Instructions to follow —
Beginning with the line that has "So that is it" and ending with the line that has "The problem with", retype the entries below exactly, except for the pictures.

Entries supplied —
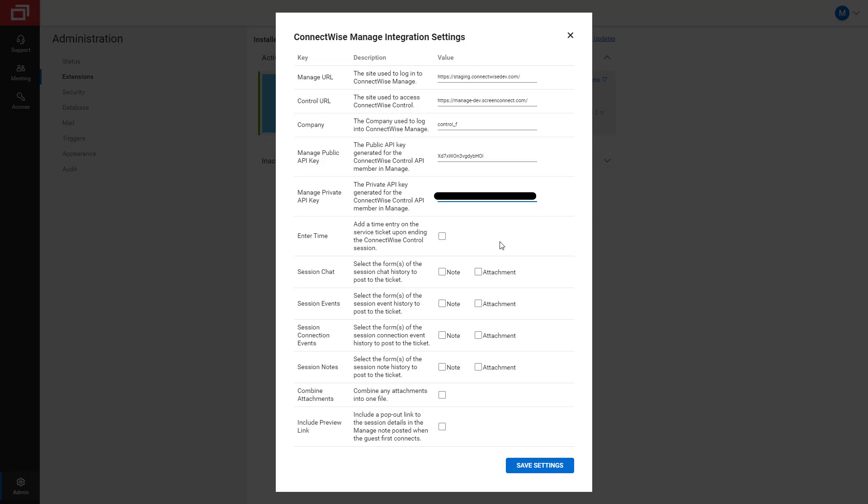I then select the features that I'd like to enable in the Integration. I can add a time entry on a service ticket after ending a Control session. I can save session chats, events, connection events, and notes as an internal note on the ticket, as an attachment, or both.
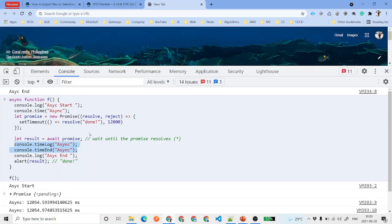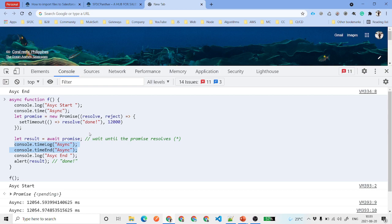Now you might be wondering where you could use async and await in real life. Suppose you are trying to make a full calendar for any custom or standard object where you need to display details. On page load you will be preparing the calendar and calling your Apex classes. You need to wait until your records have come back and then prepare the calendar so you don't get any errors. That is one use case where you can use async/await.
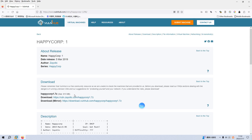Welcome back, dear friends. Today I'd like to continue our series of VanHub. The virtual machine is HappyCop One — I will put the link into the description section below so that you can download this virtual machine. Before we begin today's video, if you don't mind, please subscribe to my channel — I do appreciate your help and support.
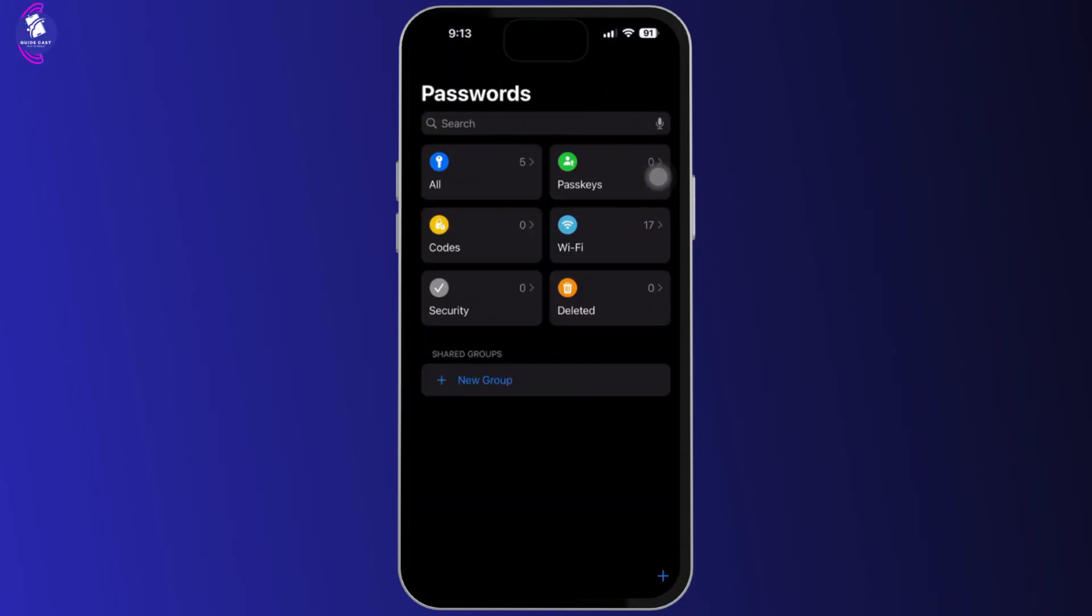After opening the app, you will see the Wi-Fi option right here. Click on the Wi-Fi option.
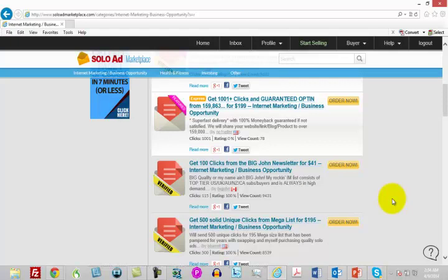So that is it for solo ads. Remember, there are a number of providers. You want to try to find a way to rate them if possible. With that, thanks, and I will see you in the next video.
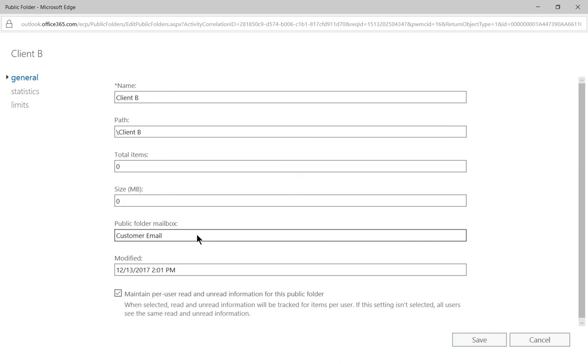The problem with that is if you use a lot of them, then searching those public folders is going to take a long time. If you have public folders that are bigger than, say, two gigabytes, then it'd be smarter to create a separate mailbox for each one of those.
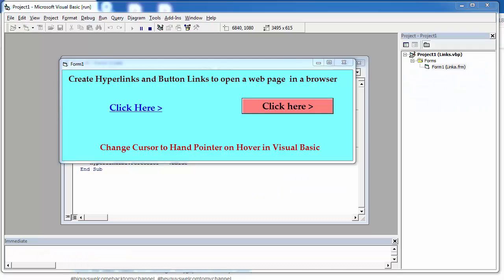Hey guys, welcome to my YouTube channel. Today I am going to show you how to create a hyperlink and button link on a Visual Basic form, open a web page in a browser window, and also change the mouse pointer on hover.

Response to the task —
So that is it for solo ads. Remember, there are a number of providers. You want to try to find a way to rate them if possible. With that, thanks, and I will see you in the next video.
The problem with that is if you use a lot of them, then searching those public folders is going to take a long time. If you have public folders that are bigger than, say, two gigabytes, then it'd be smarter to create a separate mailbox for each one of those.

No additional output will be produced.